Edgewall Software

GenshiRecipes/RecursiveIncludeScanner

Version 2 (modified by cmlenz, 8 years ago)

sp

Motivation

This recipe evolved after discussion of another recipe, Implicit dependencies with scons?, on #markup. The solution, and the source code used in this recipe, was kindly provided by Christopher Lenz (aka cmlenz).

When working with a relatively large set of xml sources that make use of XIncludes there is a common question that comes in two forms:

  • What files will be included by a particular source ?
  • What files were included by a particular source ?

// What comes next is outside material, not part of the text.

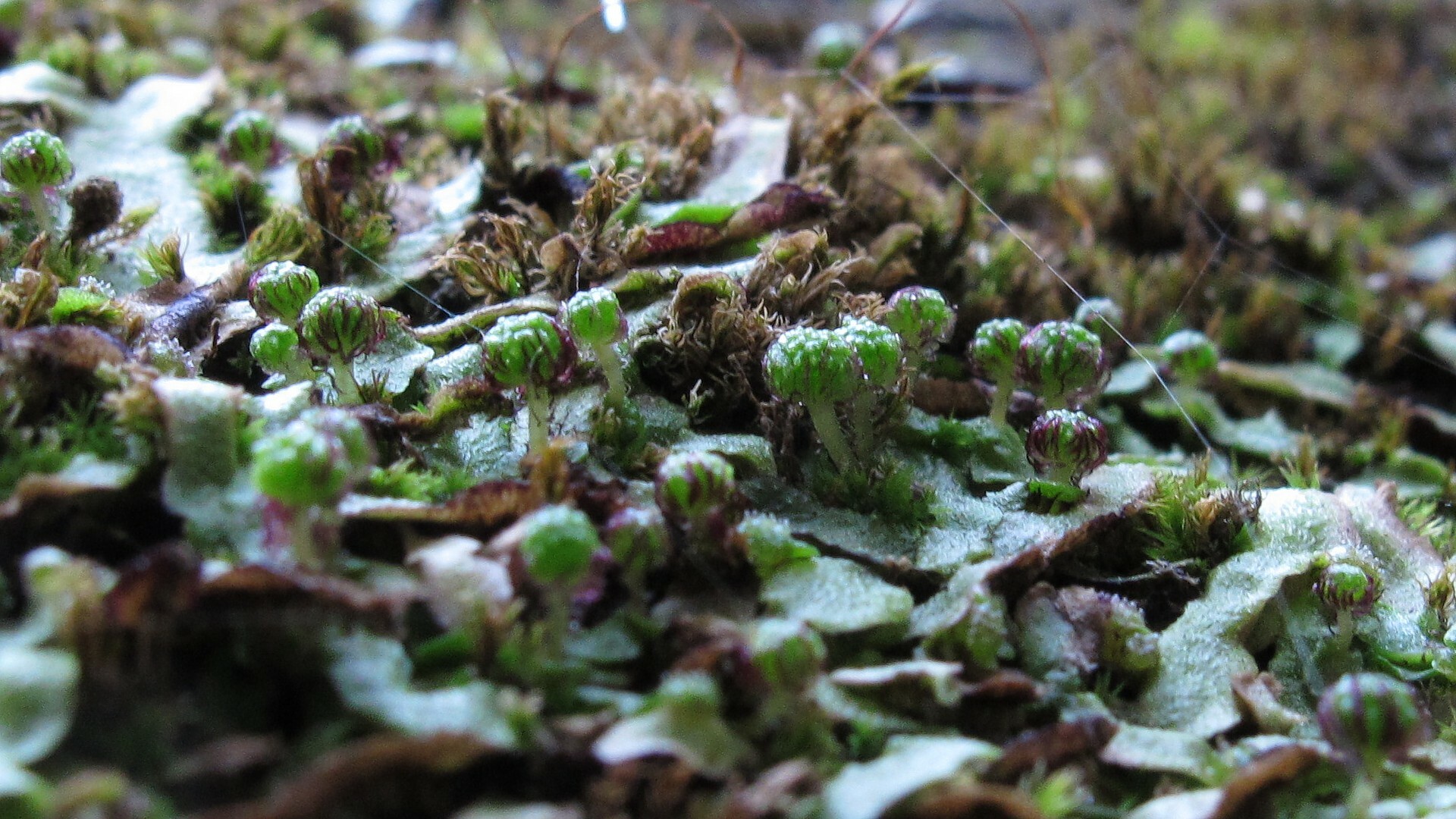 Asterella mussuriensis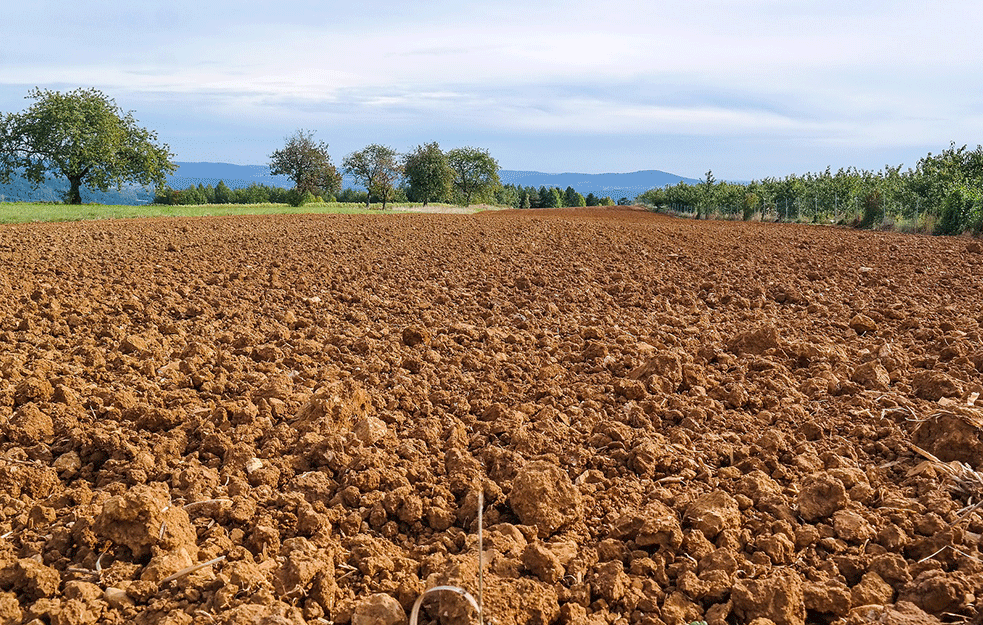 DA LI NAM PRETI GLOBALNA GLAD?  Čak 52% poljoprivrednog zemljišta u svetu degradirano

This recipe seeks to address the first sense as far as is possible. Implicit dependencies with scons? could be used as a starting point for answering the second.

Code

scan-includes.py:

"""Recursive xincludes scanner for Markup

This solution was kindly provided by Christopher Lenz <cmlenz@gmx.de>
"""

import os,sys
from markup.core import START
from markup.filters import IncludeFilter
from markup.input import XMLParser
 
def scan_xincludes(filename):
    basedir, filename = os.path.split(filename)
    namespace = IncludeFilter.NAMESPACE
    includes = set([filename])
    notfound = set()
    visited = set()
 
    def collect(filename):
        try:
            fileobj = open(os.path.join(basedir, filename), 'U')
            try:
                for kind, data, pos in XMLParser(fileobj, filename=filename):
                    if kind is START:
                        tag, attrib = data
                        if tag in namespace and tag.localname == 'include':
                            includes.add(attrib.get('href'))
            finally:
                fileobj.close()
            visited.add(filename)
        except IOError:
            includes.remove(filename)
            notfound.add(filename)

 
    while len(includes) > len(visited):
        for filename in includes - visited:
            collect(filename)
 
    return includes,notfound
 
 
if __name__ == '__main__':
    includes,notfound = scan_xincludes(sys.argv[1])
    for include in includes:
        print include
    if notfound:
        print "WARNING: the follwing include hrefs were not found:"
        for ref in notfound:
            print ref

Limitations

No consideration is given to conditional includes. All includes, that refer to existent files, are listed. If you make use of conditional includes, this scanner will yield false positives.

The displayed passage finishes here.